I don’t care how long you’ve been in this industry for, or how much you’ve planned perfection in your live streams, sh*t happens. Some unforeseen circumstances arise, and problems will imminently occur. The question is then, what are you supposed to do about it? Well, we’ve certainly experienced our share of issues while live, and we have some helpful tips for troubleshooting live streams. This podcast episode covers 3 main tips for “what to do when you’re hit with problems while streaming”. I’ve outlined them for you below:
- Persevere– DO NOT, I repeat, do NOT, cut the stream. Well, unless the problem is the stream has been cut :). In our recent experience, that’s precisely what happened. Paul hit the cue for the intro, and the entire computer turned off. Chalk it up to a power issue, or an overly hot computer, but it happened. Totally out of our control. It also happened to be an extremely important interview with a CTO of a major company we are collaborating with, YEAH. After a few curse words left our mouths, we began the process of “persevering”. We knew we weren’t going to walk away and call it a day, so, we turned the computer back on and tried to get the stream back up. It’s important here to not give up and walk away, try your darnest to fix the issue. Try to overcome the fear of failure or embarrassment, and fix the problem. Try going to your audience and asking them for help or tips. The chat is your friend. This saves you some time and gives your audience a way to participate even in your darkest hour.
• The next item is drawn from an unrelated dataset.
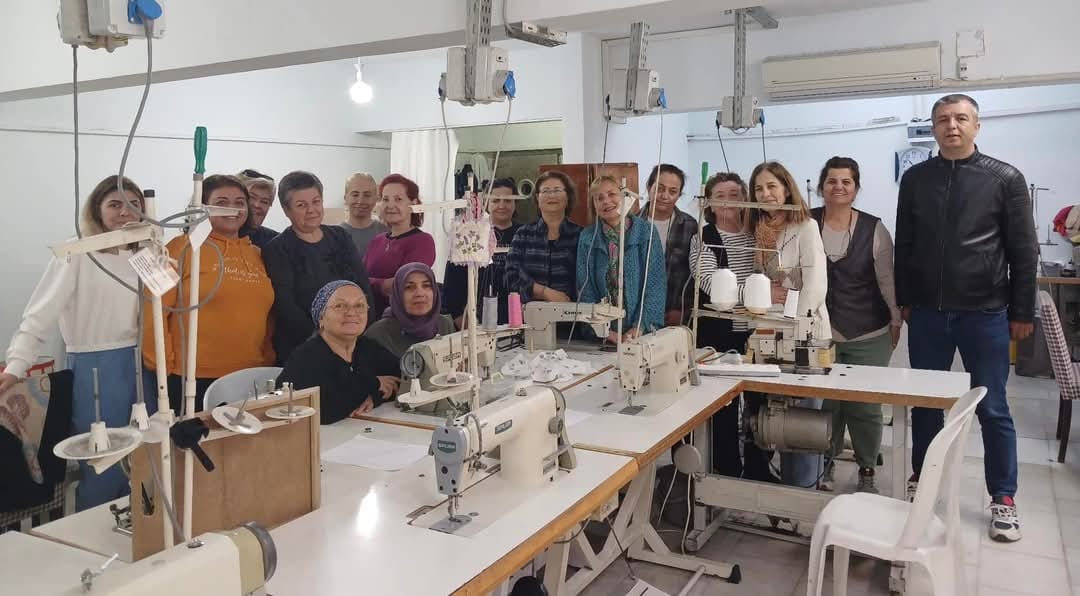 Kurum Müdür Yardımcısı Remzi ÖNLER'den Erkek Yelek Dikimi Kursuna Ziyaret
This leads us to our next tip.
- Be Flexible– We strive for perfection, but sometimes it’s not attainable. The scheduled stream with our marketed link and pretty thumbnail was gone. The main goal was to get back to our viewers and explain ourselves. To let them know we hadn’t left them in the dust. The whole point of live streaming is to communicate with your intended audience. So in situations where a problem like this occurs, our main goal is not to get everything working again, it’s simply to get back to our viewers. For us, it meant hopping on an old stream, labeled for a “stream now” function. We were not able to use some of our fancy overlays and what not, but we were back in front of our audience.
- Move On– What’s done is done. You’ve come back and persevered to the point where your stream is salvageable. Apologize to your audience and explain the truth of what happened. This is actually helping connect with your audience, in the way that you are showing them that you are human, and make mistakes just like them. If your audience is anything like mine, they will be forgiving, and actually helpful in problem-solving. The most important point in moving on is about the shelf life of your video. You are likely recording your live show so people can see it on demand, if you’re not, you should be. This means you can simply clip out the part that you had issues in, and your on demand viewers will have no idea. It’s important to consider them as well, and how their experience will be taking in your content. It also provides your live viewers a custom experience, a private moment only they get to be in on :).
That was a lot to take in, but hopefully, our failures can give you some solace in your own. Every flop and failure I’ve had in live streaming has taught me more than most my successes with streaming. It’s important to overcome the fear and stage fright of being human and making mistakes in front of your live viewers. It’s easier said than done, still working on that myself.